In all this time of talking about apps and app companies, I have up until now refrained from revealing any of my app ideas, due mainly to worrying about my ideas being stolen. Perhaps that worry comes from my experience in biotech where you attempt to patent every idea that can be nailed down. Intellectual property in biotech is a big deal, since it is so hard-won through years of research and a lot of money. A patentable idea can be worth a lot. Since secrecy can be important in validating a patent, companies that worry about patents tend to be fairly tight-lipped.
However, I am finding that in the app business, ideas are a dime a dozen – it’s the execution that counts. Everybody and his brother-in-law has an app idea, but most of the time they don’t act on it. There are plenty of good ideas around, but it takes a serious investment of time and energy to get any single idea off the ground. Therefore, the money in the app business is all in the execution.
To that end, you have to get out of the building and talk to potential customers, as I have alluded to in past blog posts. Recently, however, I’ve been feeling more and more hampered by the secrecy on this blog. It makes no sense. Secrecy is necessary for patents, but there is little to patent in software. I need openness, since I need to recruit everybody I can get to help in my venture. My idea may and may not be any good to begin with, and the only way to find out is to tell everybody I know and see what they say. I’ve been talking to potential customers about my idea, so why, if I am talking to them, am I not opening up my idea on this blog?
Well, no more.
So, in a word, what I want to do is:
That’s right, the hobby of putting your photos onto paper and embellishing the images with decorative elements. You are possibly already familiar with paper scrapbooking since it’s quite popular and you may well know people, mostly women, who do it. What I am proposing to do is digital scrapbooking. Instead of cutting up paper or ribbons to decorate your photo pages, you do it on your computer or tablet device using digital photos on virtual paper.
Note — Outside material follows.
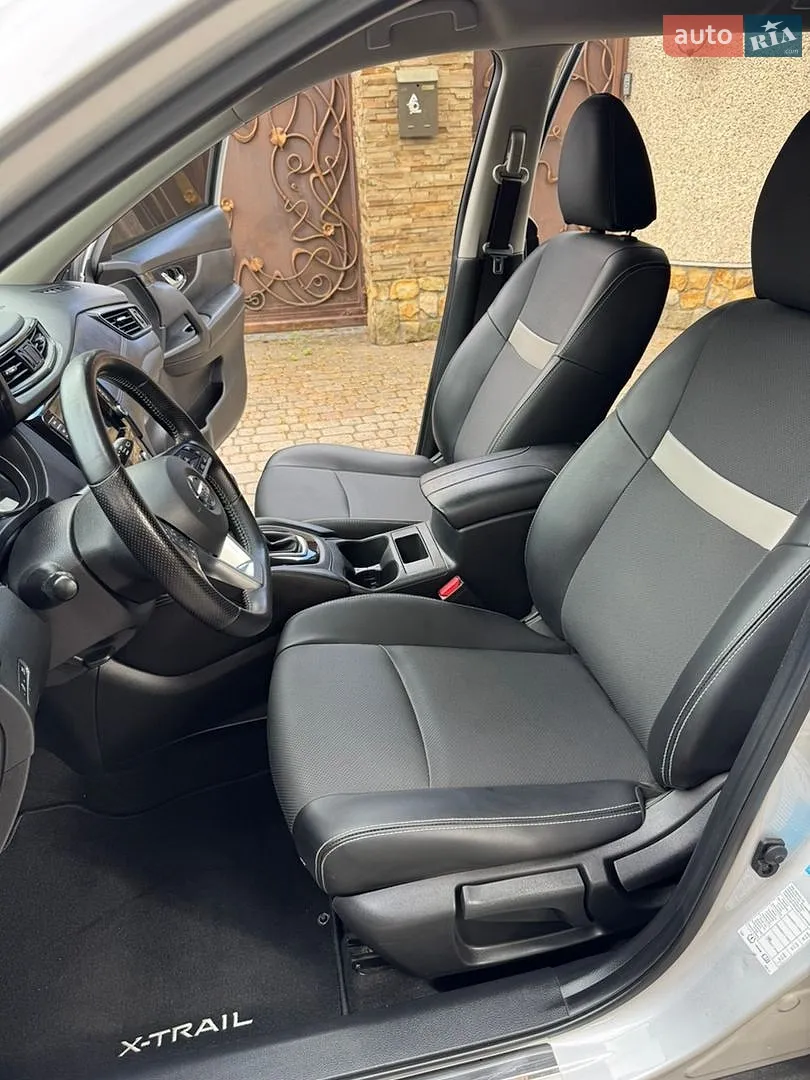 2018 Nissan X-Trail - мініатюра 21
Why do digital scrapbooking? It began with my interest in the iPhone and the possibilities for the iPhone camera. When I first I started down this road, the camera clearly had potential, but what to do with the photos once you had them? One answer to that question was to allow users to create retro-looking images, like Hipstamatic and other apps. Another was social networking and sharing of images with other people, like with Instagram. The application I thought of was digital scrapbooking. Initially scrapbooking was non-existent on the iPhone, though a few reasonable apps were eventually developed, such as Coolibah and Tap’N’Scrap. Even so, there was room for improvement.
Then came the iPad and I realized that my idea had been all wrong; or rather, I was interested in creating for the wrong device. The iPhone is a little small for serious scrapbooking, but the iPad is a terrific device. Light-weight enough to be carried around, but a large enough screen to be satisfying when manipulating images. I would develop for the iPad!
So there you are. My thinking on this project has changed focus somewhat as I have included Android tablets and desktop computers as part of my plan (outlined in this blog in the past), but I remain committed to bringing an improved digital scrapbooking experience to mobile devices. Whether I can produce an app that people will pay for is an open question, but what is certain is that scrapbooking is a multi-billion dollar industry and that the digital portion of it is growing. I intend to be part of it.